Hemingway is bleeding, Bradbury says to use emotional excess, and so on. Even David Brooks thinks emotion and social stuff is the next big thing in polemic writing. It seems you gotta make your readers feel.
I went to a little library writer’s conference and heard a talk by Lisa Cron about what a story is, and why story is the only thing that matters in writing. The thing that stuck with me is emotion is not a story. Not Big-E emotions like love, hate, and fear, rather that emotion is the only word we have to explain why stories are important to us and why we relate to them.
Big-E emotions are prehistoric visitors that sit on the primordial three-legged stool of chemicals, reproduction, and defense. To exist and continue our species we must have chemical energy and feedstock to build our bodies, food, reproductive access, sex, and protection from other life forms coming to take our chemicals, fear. In Carl Sagan’s now dated “Dragons of Eden,” the old limbic system (the neomammalian complex), was thought of the bus wiring for basal emotions. Food, sex, and fear responses drive every living thing on Earth, even if they don’t have a brain. The brains of higher animals, not just humans we now know, take those instinctual inputs to construct all other emotions from them: envy, greed, lust, jealousy, hate and so on to varying degrees of sophistication. They are all various combinations of the basic three survival/reproduction behaviors of all life.

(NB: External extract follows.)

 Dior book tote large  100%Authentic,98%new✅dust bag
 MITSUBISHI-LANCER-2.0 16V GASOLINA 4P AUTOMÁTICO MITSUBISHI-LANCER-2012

Our identity operates on top of it all, our infamous abstract self awareness. All the ratiocination about existence our pre-frontal lobes exercise gets put into a virtual identity framework, somewhere in the brain, that integrates our previous experience with the immediate inputs from our senses. Without the identity framework to put the constant flood of sensory inputs into, we would be just an amoeba running on automatic, responding to chemical and energy disturbances in the force to find chemicals and defending itself while accumulating enough chemical energy and building enough pieces of ourselves in order to reproduce.
What I enjoyed about Ms. Cron’s talk was the story about how our identity matrix needs stories to understand what our reality is, to be able to operate in it successfully. She postulates that we use the word “emotion” to define the processes in our identity that allow us to make decisions about what our senses are telling us at the moment. That kind of “nameless emotion” is the blood and guts of what a story is.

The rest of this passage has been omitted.